Kelly grinned. "Yuri used to do that... where was he going off to?"

Brian chuckled, suddenly remembering the entire experience. "He went out in a space suit on top of the starboard main gun."

"Yeah, that's right. You remember, Rico?"

Rico nodded stiffly, the memory apparently only too fresh in his mind. "Yes sir, I do. That's why Commander Wilson asked me to make sure no one entered until she gave permission. She uh... she figured I would understand."

"Stand aside, Lieutenant." Brian said, his voice shifting to one of authority. Rico didn't move at first, and Brian repeated more loudly, "Stand aside." This time the Lieutenant obliged him—mainly submitting to his superior rank—and Brian keyed the lock on the hatch, opened it, and quietly slipped inside.

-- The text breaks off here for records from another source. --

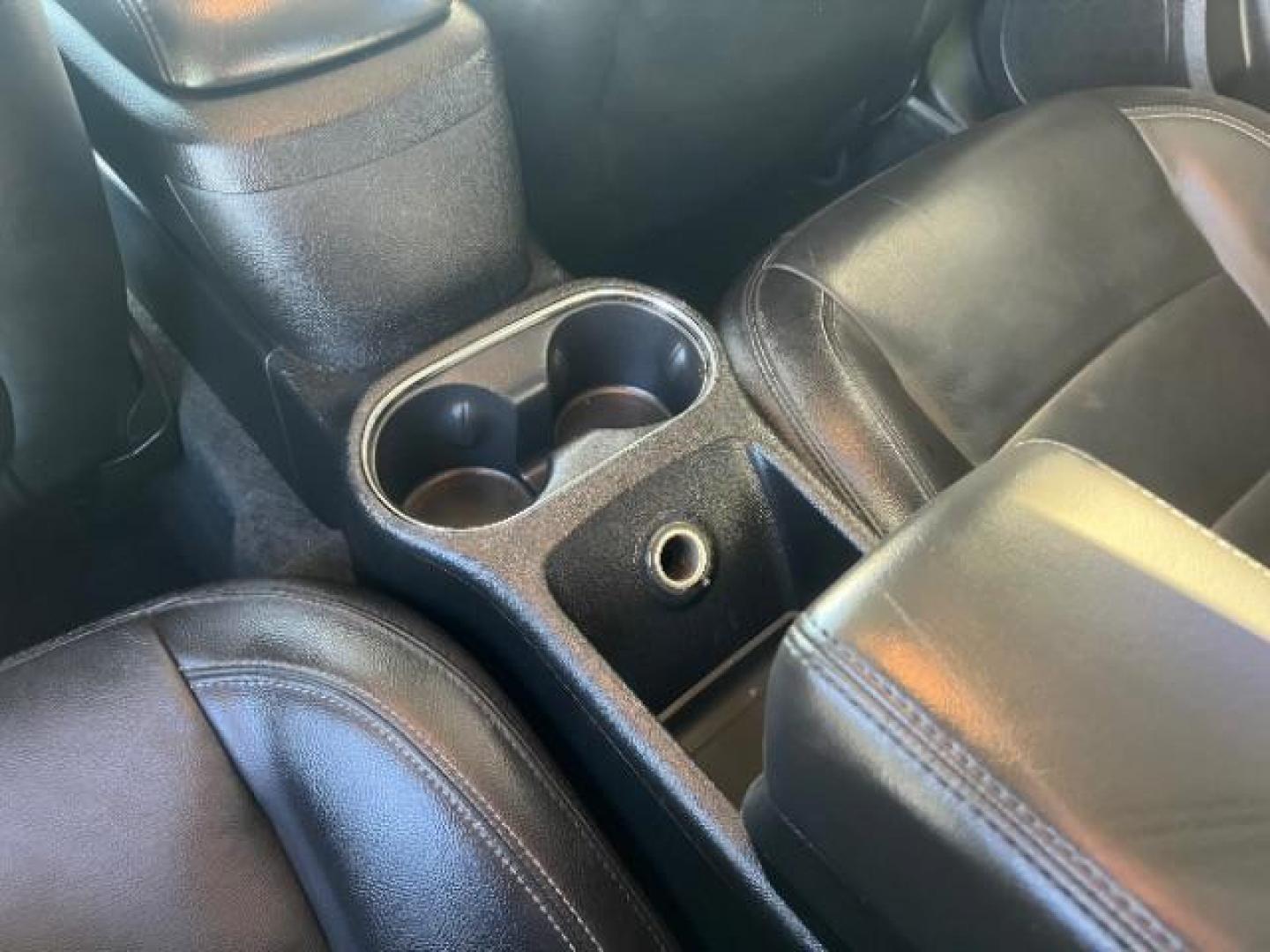 2013 Silver /Black Leather Interior Chevrolet Volt Premium w/ LEP (1G1RF6E44DU) with an 1.4L L4 DOHC 16V PLUG-IN HYBRID engine, Continuously Variable Transmission transmission, located at 1865 East Red Hills Pkwy, St. George, 84770, (435) 628-0023, 37.120850, -113.543640 - ***This vehicle qualifies for the EV/Hybrid tax rebate of up to $4,000*** We are setup with the IRS to recieve direct payments within 72 hours. We file the rebate online with IRS and can credit it to your down payment, reduce the sales price OR give you cashback!! These cars will not last and can o - Photo#25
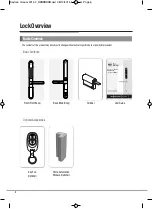 Preview for 6 page of Assa Abloy Yale Keyfree Connected Smart Lock Manual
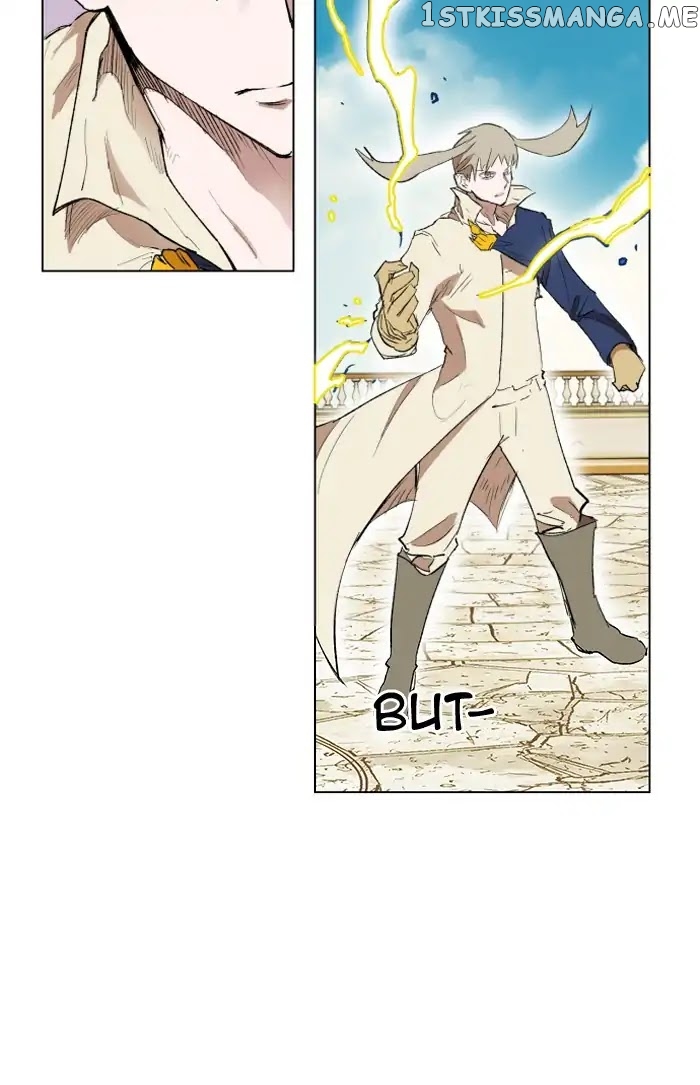 Hardcore Leveling Warrior chapter 164 - page 60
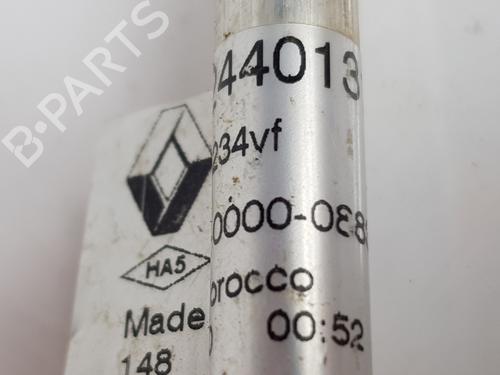 AC pipe DACIA SANDERO III  | BP32778564M126  - Image 6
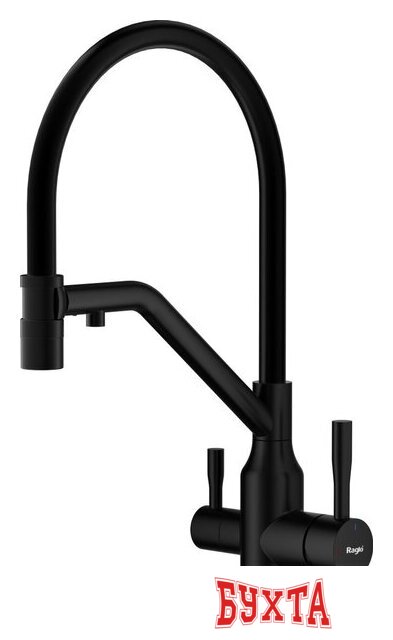 Смеситель Raglo R81.62.06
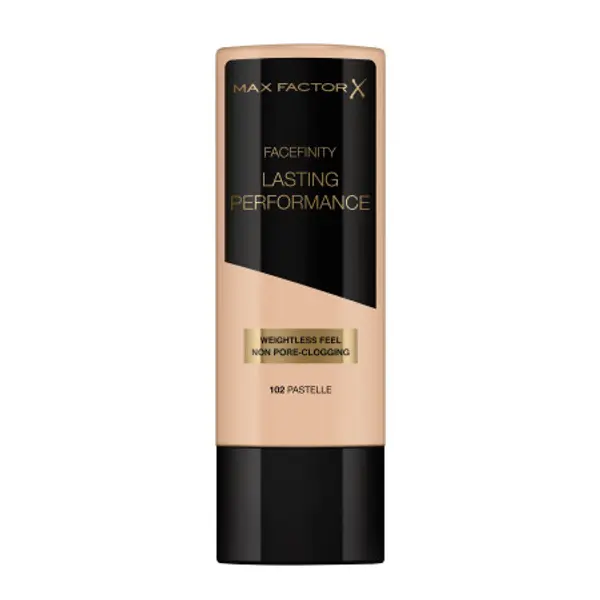 Max Factor Max Factor Lasting Performance Foundation - 102 Pastelle - puder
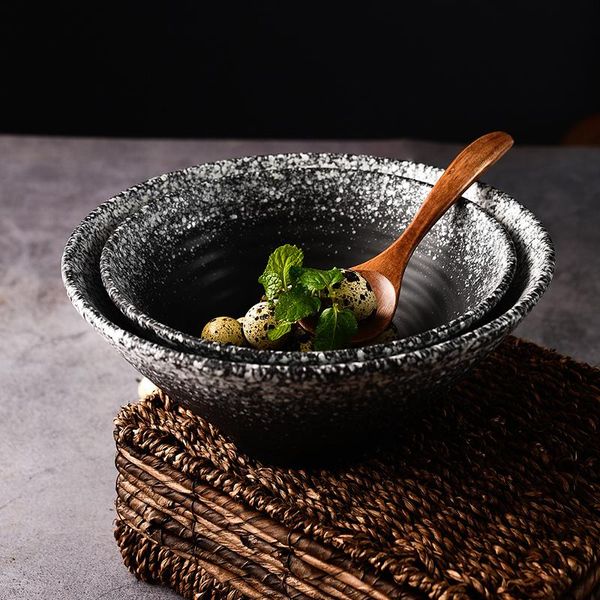 bowls 1000ml,1500ml japanese ceramic bowl noodle large capacity rice household tableware decoration
bowls 1000ml,1500ml japanese ceramic bowl noodle large capacity rice household tableware decoration
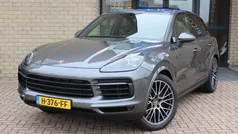 Grijs Gebruikt 2020 Porsche Cayenne Chrono SUV | € 67.850 (Goede deal)
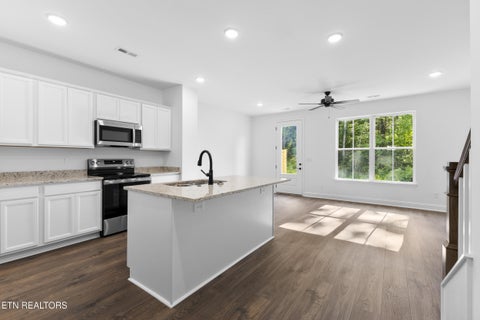 Tiny photo for 8743 Chapman Trace Way, Knoxville, TN 37920 (MLS # 1354060)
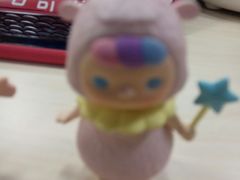 -泡泡玛特POPMART(浦项中心体验店)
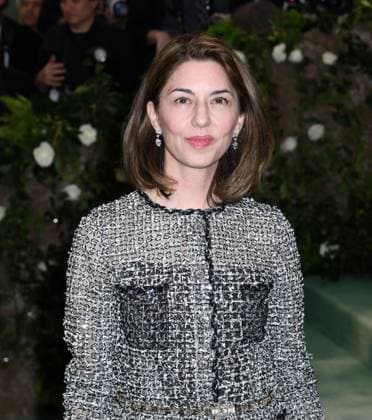 May 6, 2024, New York, New York, USA: Sofia Coppola attends the 2024 Met Gala Celebrating Sleeping Beauties: Reawakening Fashion at Metropolitan Museum of Art in New York. New York USA - ZUMAp281 20240506_zea_p281_194 Copyright: xPhotoxImagexPressx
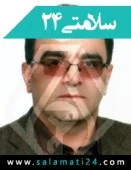 دکتر محسن معدنی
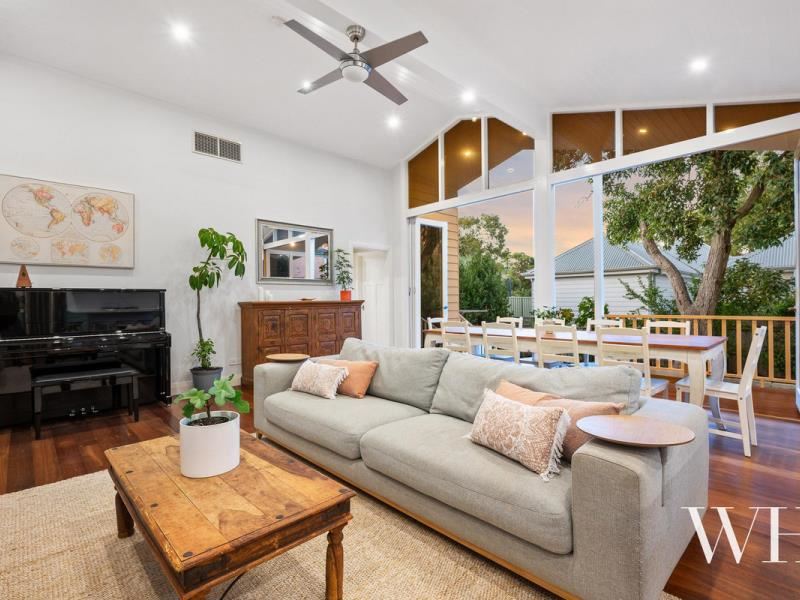 11 Fairlight Street, Mosman Park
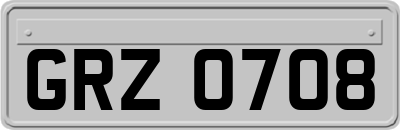 GRZ0708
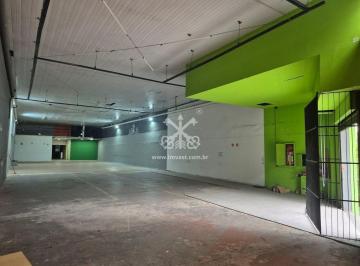 Comercial · 563m² · Galpão para ara locação e venda - Mooca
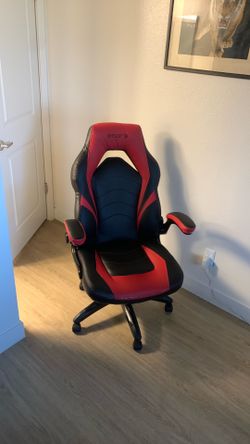 Gaming Chair Emerge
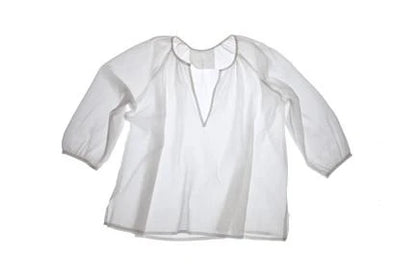 Classic Peasant Top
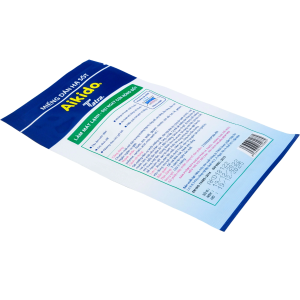Smart Pharma - Miếng dán Aikido Cool Patch chườm mát khi bị sốt nóng, say nắng, ngừa co giật ở trẻ (3 gói x 2 miếng) 3 Smart Pharma - NT SMART PHARMA 2026 10 12T093641.907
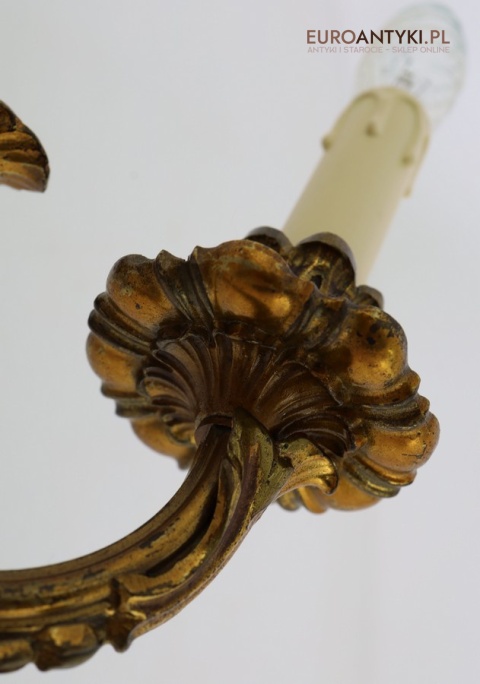 lampy dekoracyjne na ścianę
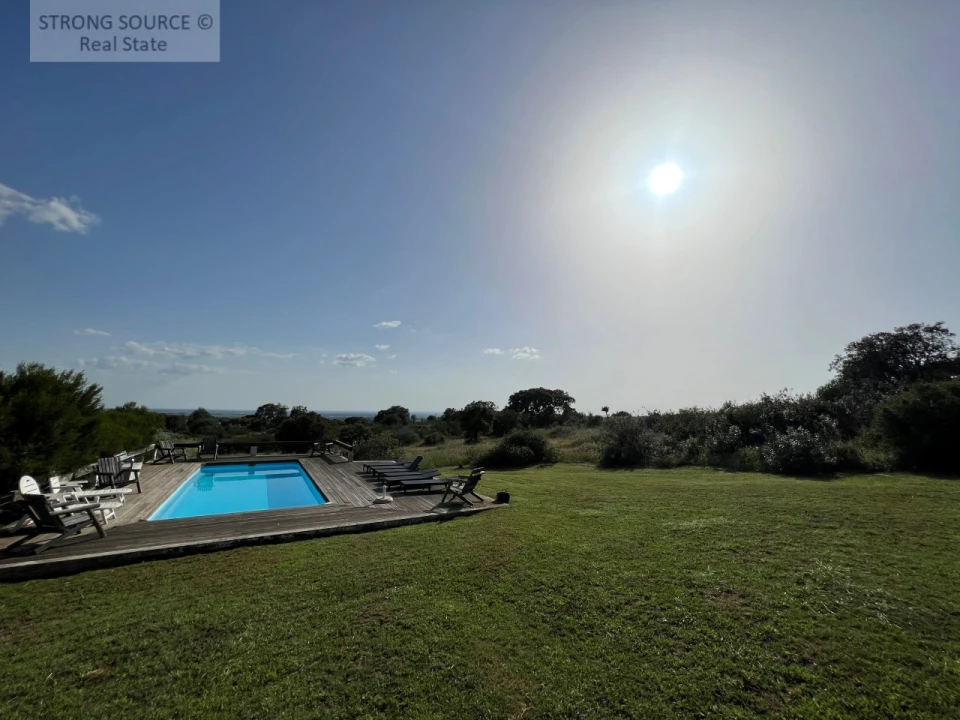 Moradia T6 para Venda em Torrão Foto 182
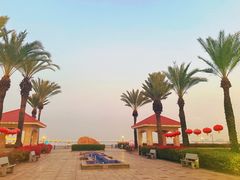 -厦门北海湾惠龙万达嘉华酒店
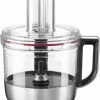 KitchenAid 5KZFP11 Food Processor Zubehörpaket Küchenmaschinen-Zubehör
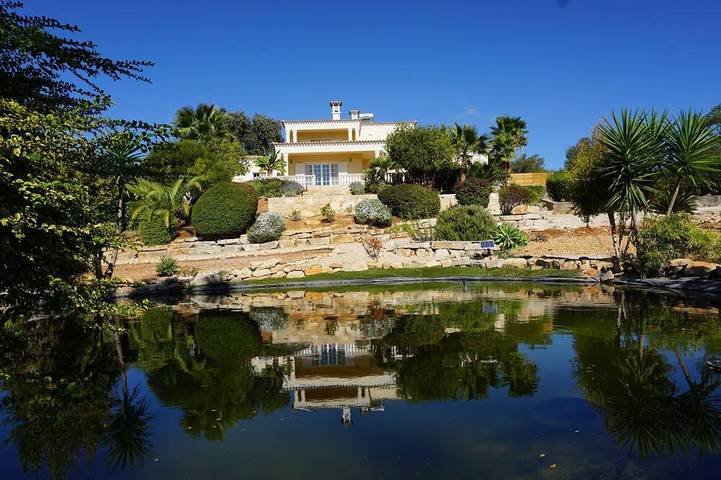 Ferienhaus für 8 Personen, mit Garten - 1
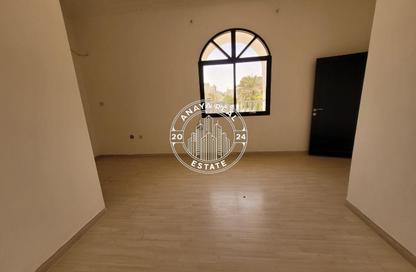Villa - Studio - 1 Bathroom for rent in Al Aziziyah - Al Aziziyah - Doha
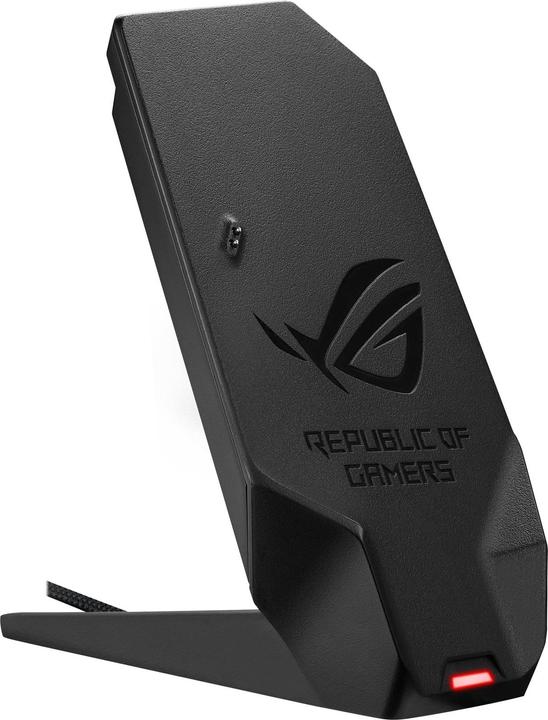 Actual product image ASUS ROG Spatha X (Wireless, Cable)
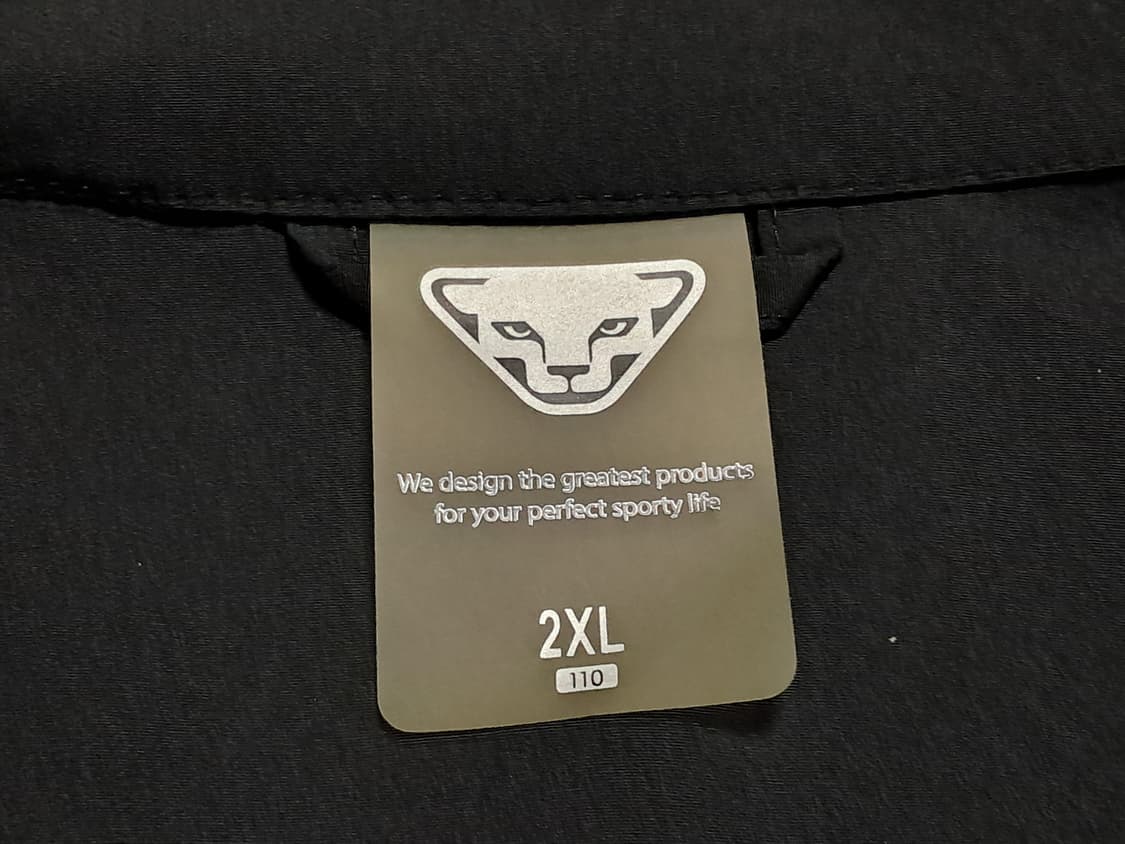 다이나핏 바람막이 남성110 상품이미지6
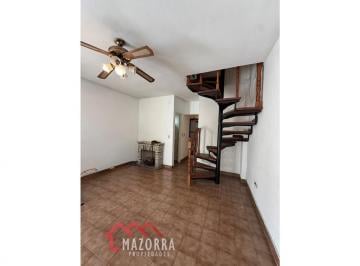 PH · 81m² · 4 Ambientes · PH en Alquiler - Caseros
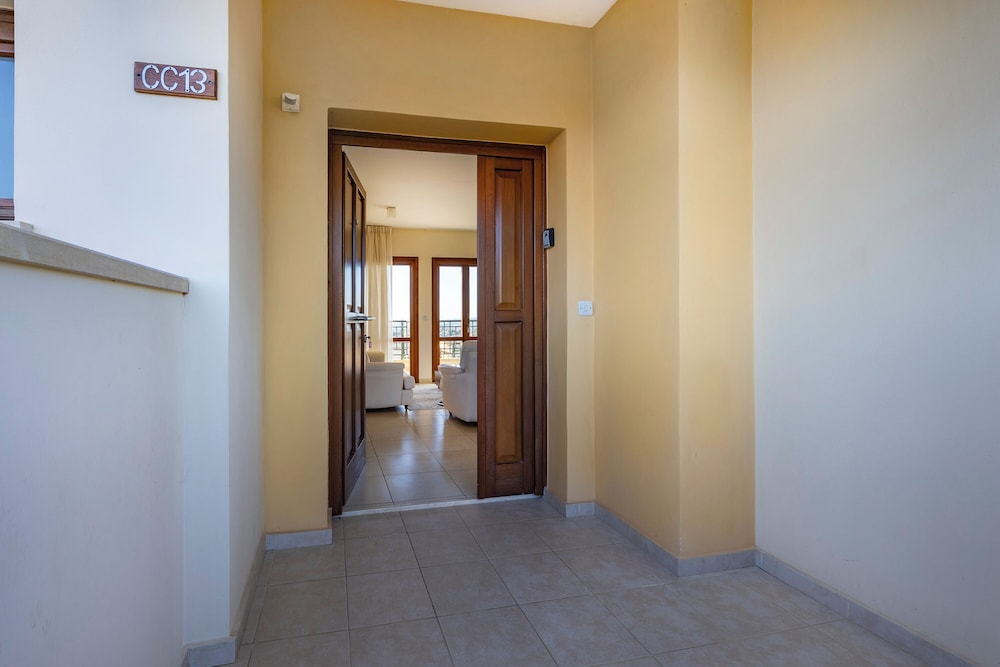 Aphrodite Premium Apartments II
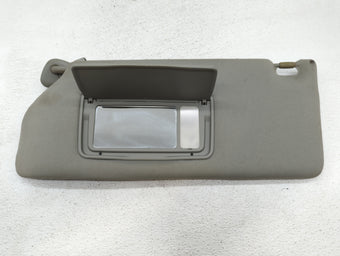 compare product 2006-2010 Honda Odyssey Sun Visor Shade Replacement Driver Left Mirror Fits Fits 2006 2007 2008 2009 2010 OEM Used Auto Parts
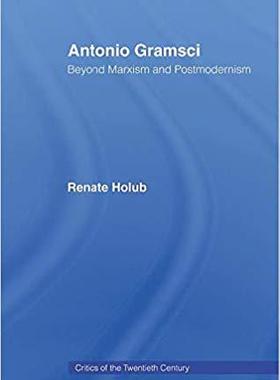 【预售】Antonio Gramsci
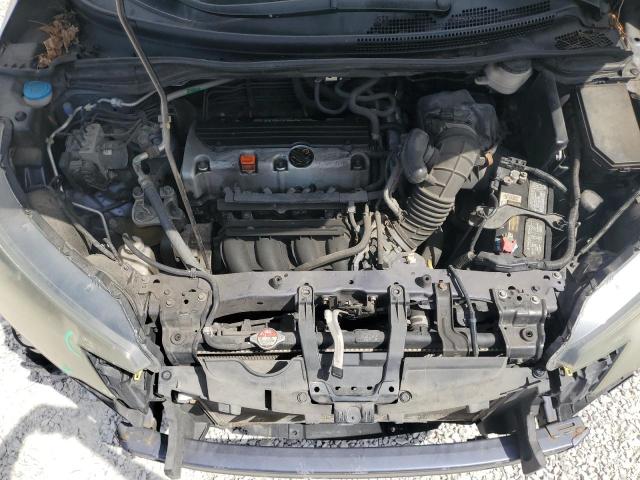 Photo 12 from auction – 2014 HONDA CR-V EX with VIN 5J6RM4H56EL056091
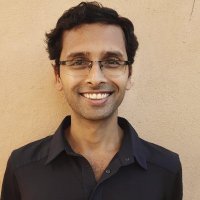 Praneeth Netrapalli (@pnetrapalli) Twitter profile photo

He found Commander Wilson sitting with eyes closed and arms folded in total darkness in her cockpit except for a soft orange light along the bottom of the panoramic monitor, apparently intended to provide the illusion of sunset from all directions. Her head was framed by a pair of gigantic earphones, and sitting there in the linear seat she seemed perfectly content and at peace as she was... until the very moment he closed the hatch behind him and she opened her eyes slowly at feeling the door close again. She stared at Brian for just a few moments, then took the headphones off and hung them weightless in the air next to her. "Evening, Brian."

"And here I thought you weren't religious..."

"I'm not." She said dryly.

"Then what's all this?"

Naomi looked around slowly, apparently noting all of the subtle hints that might have led him any particular conclusion on how she had spent the last hour and a half. "A habit. Anyway, what's up?"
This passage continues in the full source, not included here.